Scraped caption text data:
# # # #

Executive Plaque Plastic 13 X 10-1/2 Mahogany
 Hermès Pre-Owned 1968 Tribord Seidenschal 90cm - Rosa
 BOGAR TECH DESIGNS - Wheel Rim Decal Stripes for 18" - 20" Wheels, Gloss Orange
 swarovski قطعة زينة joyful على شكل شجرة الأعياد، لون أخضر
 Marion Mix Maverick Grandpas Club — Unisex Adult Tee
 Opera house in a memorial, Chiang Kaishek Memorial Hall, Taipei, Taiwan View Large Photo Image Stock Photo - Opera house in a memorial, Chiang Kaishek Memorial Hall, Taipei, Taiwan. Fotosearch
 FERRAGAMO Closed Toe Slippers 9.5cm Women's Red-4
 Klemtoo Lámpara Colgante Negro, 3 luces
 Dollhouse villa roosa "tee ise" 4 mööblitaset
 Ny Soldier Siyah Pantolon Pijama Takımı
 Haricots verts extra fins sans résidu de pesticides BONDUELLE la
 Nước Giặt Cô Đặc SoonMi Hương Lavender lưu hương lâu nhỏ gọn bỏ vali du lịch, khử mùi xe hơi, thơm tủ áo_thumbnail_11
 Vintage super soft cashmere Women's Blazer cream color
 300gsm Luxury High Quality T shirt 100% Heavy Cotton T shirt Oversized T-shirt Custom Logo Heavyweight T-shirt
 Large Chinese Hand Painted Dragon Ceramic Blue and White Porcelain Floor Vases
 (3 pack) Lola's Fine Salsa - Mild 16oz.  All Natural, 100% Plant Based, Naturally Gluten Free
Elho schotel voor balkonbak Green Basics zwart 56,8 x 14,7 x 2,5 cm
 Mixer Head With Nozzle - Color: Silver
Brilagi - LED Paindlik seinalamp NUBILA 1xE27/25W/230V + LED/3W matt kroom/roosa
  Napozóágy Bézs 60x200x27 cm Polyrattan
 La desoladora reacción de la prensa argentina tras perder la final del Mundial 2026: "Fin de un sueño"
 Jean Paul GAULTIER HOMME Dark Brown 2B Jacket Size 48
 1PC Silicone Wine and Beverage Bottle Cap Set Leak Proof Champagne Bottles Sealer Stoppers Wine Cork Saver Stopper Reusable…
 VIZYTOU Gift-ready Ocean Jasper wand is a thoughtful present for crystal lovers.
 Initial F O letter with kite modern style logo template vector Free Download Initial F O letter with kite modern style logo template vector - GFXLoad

# # # #

Task to complete - Begin at the top of the records above and quote each line exactly, ending with the line that contains "swarovski قطعة زينة".

Exercise solution -
Executive Plaque Plastic 13 X 10-1/2 Mahogany
 Hermès Pre-Owned 1968 Tribord Seidenschal 90cm - Rosa
 BOGAR TECH DESIGNS - Wheel Rim Decal Stripes for 18" - 20" Wheels, Gloss Orange
 swarovski قطعة زينة joyful على شكل شجرة الأعياد، لون أخضر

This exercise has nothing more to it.